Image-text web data

+-------+

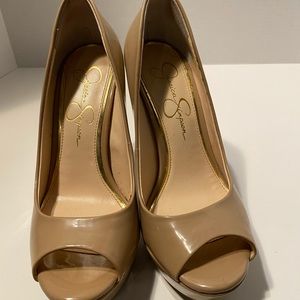 Jessica Simpson Nude Peep Toe Heels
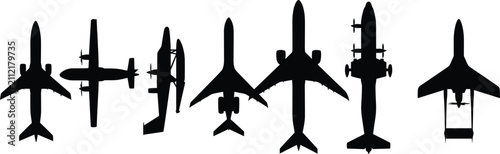 Cuadro en lienzo Vector airplane silhouettes set featuring commercial passenger jets and propelle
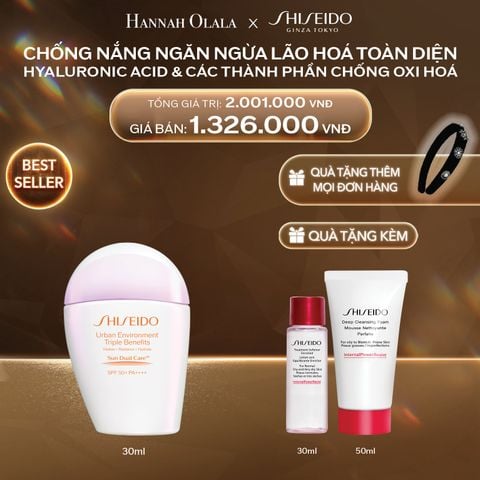  DEAL 7: SỮA CHỐNG NẮNG DƯỠNG DA SHISEIDO GSC URBAN ENVIRONMENT TRIPLE BEAUTY SUNCARE EMULSION SPF50+ PA++++ 30ML 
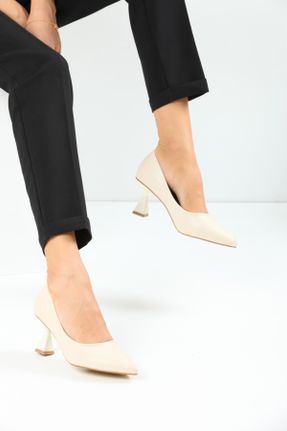 کفش پاشنه بلند کلاسیک بژ زنانه چرم مصنوعی پاشنه نازک پاشنه متوسط ( 5 - 9 cm ) کد 179100610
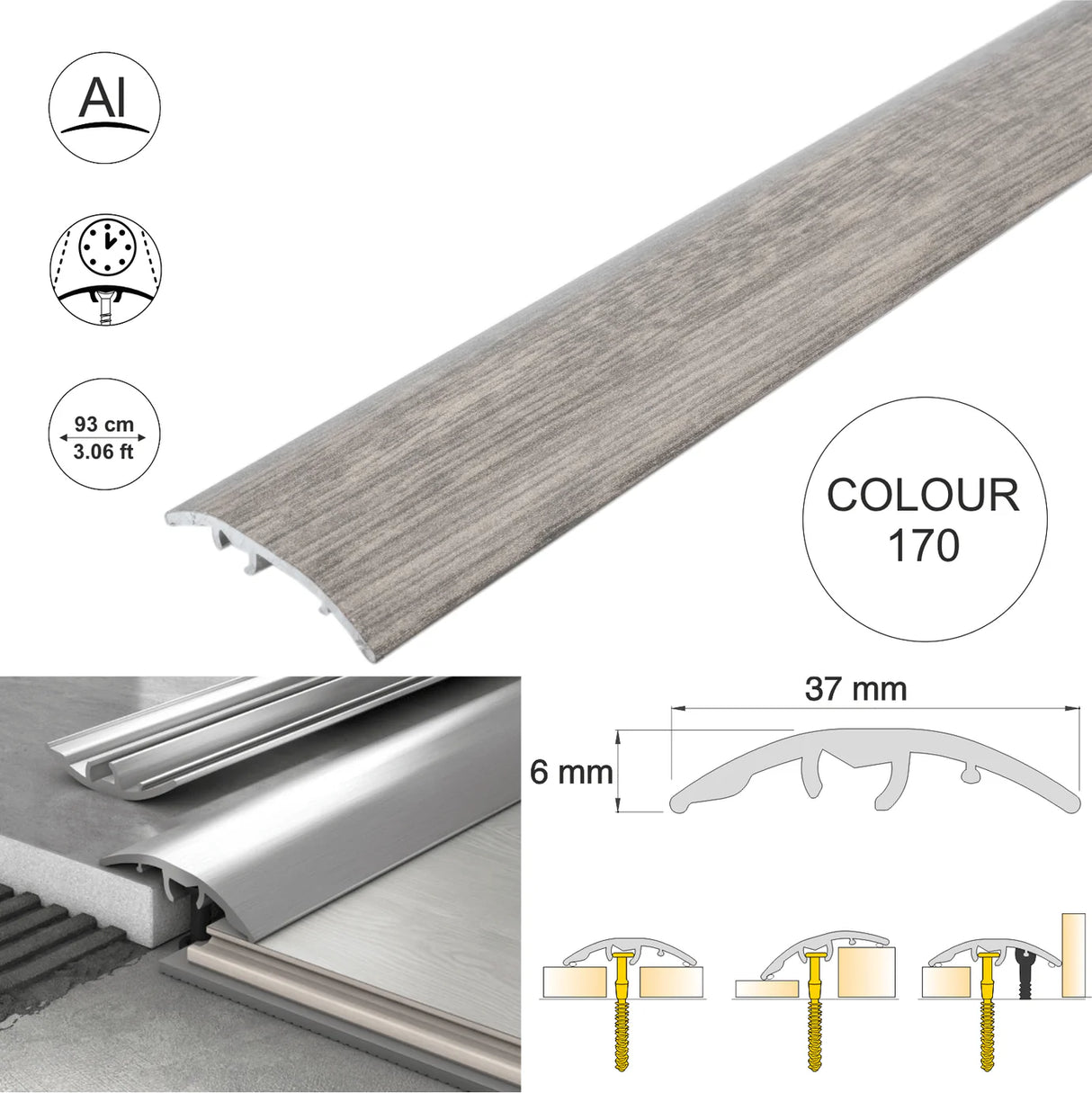 37mm Aluminium Wood-Effect 4-in-1 Door Threshold Strip S16K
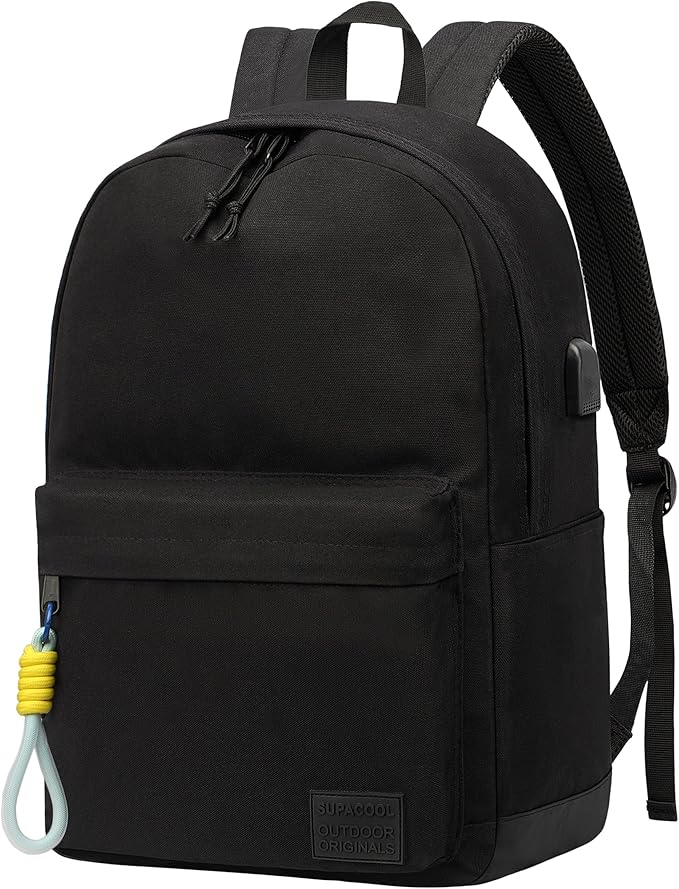 SUPACOOL Casual Laptop Backpack for Men and Women, Backpack for College, USB Charging Port, Lightweight Pack Back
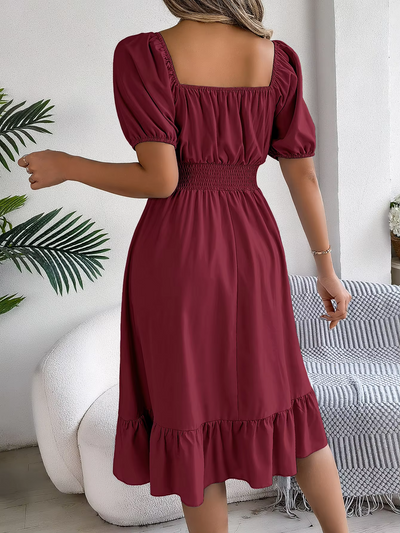 Aria™ - Stylish Short Sleeve V Neck Linen Dress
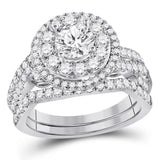 14kt Two-tone Gold Womens Round Diamond Bridal Wedding Engagement Ring Band Set 2.00  (Certified)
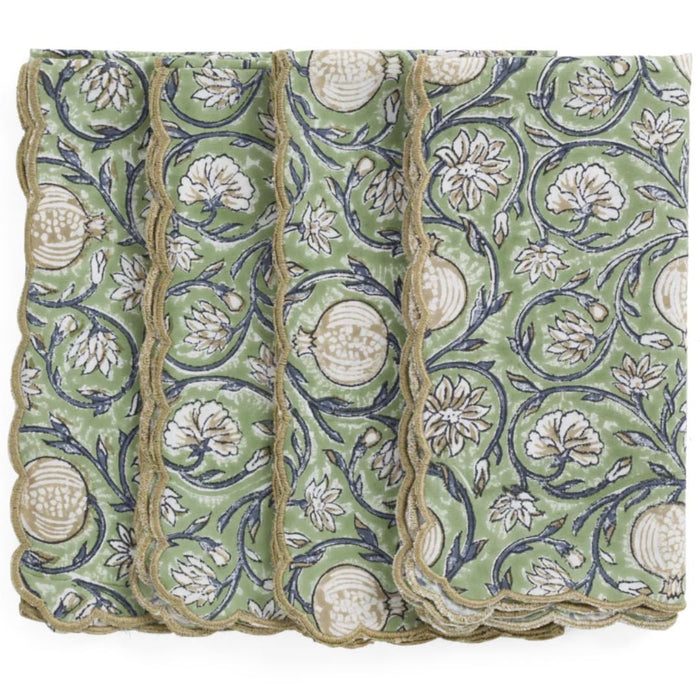 Tangier Pomegranate Cotton Napkins SET OF 4 | Green - Suzie Anderson Home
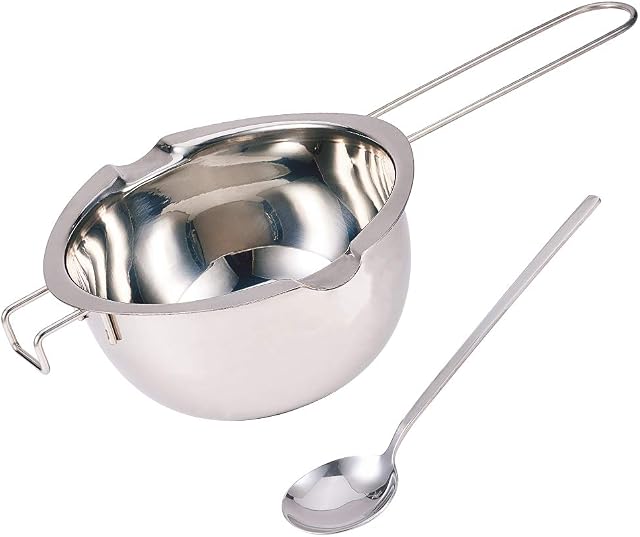 PandaHall Stainless Steel Double Boiler Pot, 600ml/20oz Melting Pot with Long Handle Spoons for Butter Chocolate, Candy, Butter Cheese, Candle, Soap and Wax Making Kit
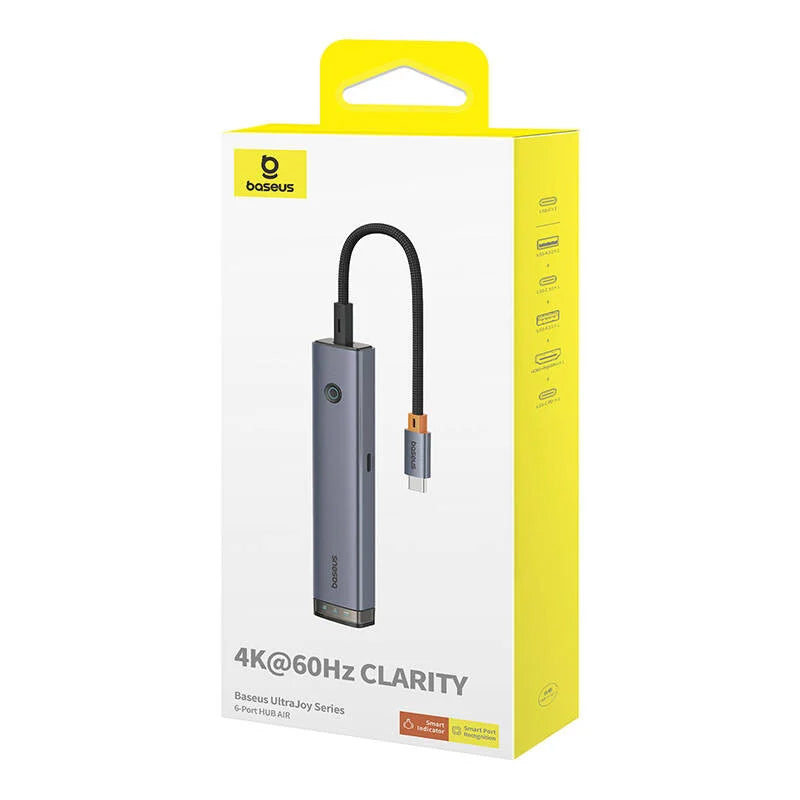 Baseus UltraJoy USB-C Hub, 2 x USB-A 3.0 - 1 x USB-A - 2 x USB-C - 1 x HDMI, Gray B00052802811-02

+-------+

* [WHAT THE TASK REQUIRES] Each record should be copied exactly, and each image left out.

* [TASK RESULT]
 Jessica Simpson Nude Peep Toe Heels
 Cuadro en lienzo Vector airplane silhouettes set featuring commercial passenger jets and propelle
  DEAL 7: SỮA CHỐNG NẮNG DƯỠNG DA SHISEIDO GSC URBAN ENVIRONMENT TRIPLE BEAUTY SUNCARE EMULSION SPF50+ PA++++ 30ML 
 کفش پاشنه بلند کلاسیک بژ زنانه چرم مصنوعی پاشنه نازک پاشنه متوسط ( 5 - 9 cm ) کد 179100610
 37mm Aluminium Wood-Effect 4-in-1 Door Threshold Strip S16K
 SUPACOOL Casual Laptop Backpack for Men and Women, Backpack for College, USB Charging Port, Lightweight Pack Back
 Aria™ - Stylish Short Sleeve V Neck Linen Dress
 14kt Two-tone Gold Womens Round Diamond Bridal Wedding Engagement Ring Band Set 2.00  (Certified)
 Tangier Pomegranate Cotton Napkins SET OF 4 | Green - Suzie Anderson Home
 PandaHall Stainless Steel Double Boiler Pot, 600ml/20oz Melting Pot with Long Handle Spoons for Butter Chocolate, Candy, Butter Cheese, Candle, Soap and Wax Making Kit
 Baseus UltraJoy USB-C Hub, 2 x USB-A 3.0 - 1 x USB-A - 2 x USB-C - 1 x HDMI, Gray B00052802811-02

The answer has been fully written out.